In this Party List, the first player was converted to a Hard target. After, the d-pad was used to highlight the chocobo as that Soft target.

If you head to the Target Display Settings section, you can change the behavior of the targeting circle and targeting select.

For soft targeting and mouseover only, the setting “Highlight Potential Targets” will cause the current target to have a yellow outline. Additionally the setting “Display aggro lines” will display the enemy pack lines - whether attacking an open world mob will summon nearby monsters to their aid.

Display Target Ring” shows the target ring of a hard target . If you are currently on a soft target, you would need to convert that soft target into a hard target by pressing your Confirm button. This setting is what allows you to tell positionals so you most likely want to keep this on.

The remaining setting in the Target Display Setting of “Display Target Lines” is to show a line to whom the enemy is targeting when said enemy initiates aggro. It works in all target types.

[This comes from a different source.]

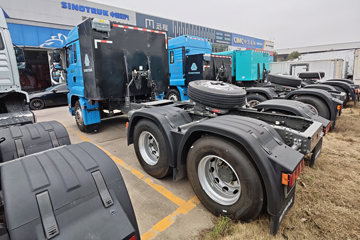 �����ǵ¿�SITRAK G7M 6X4 ���綯ǣ���� ����ʱ��400kWhͼƬ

Can soft targeting be turned off?

Soft targeting is very powerful, and it is recommended to learn to make use of it. However, if for some reason you do not like soft targeting, or perhaps there is a specific type of content where it would be more beneficial to have it off, you can turn it off by clicking “Switch Target Circle to Target Select”.

Turning this off means the d-pad will only make hard targets. There would no longer be a soft targeting option, and would only leave action macro targeting as the closest option to it.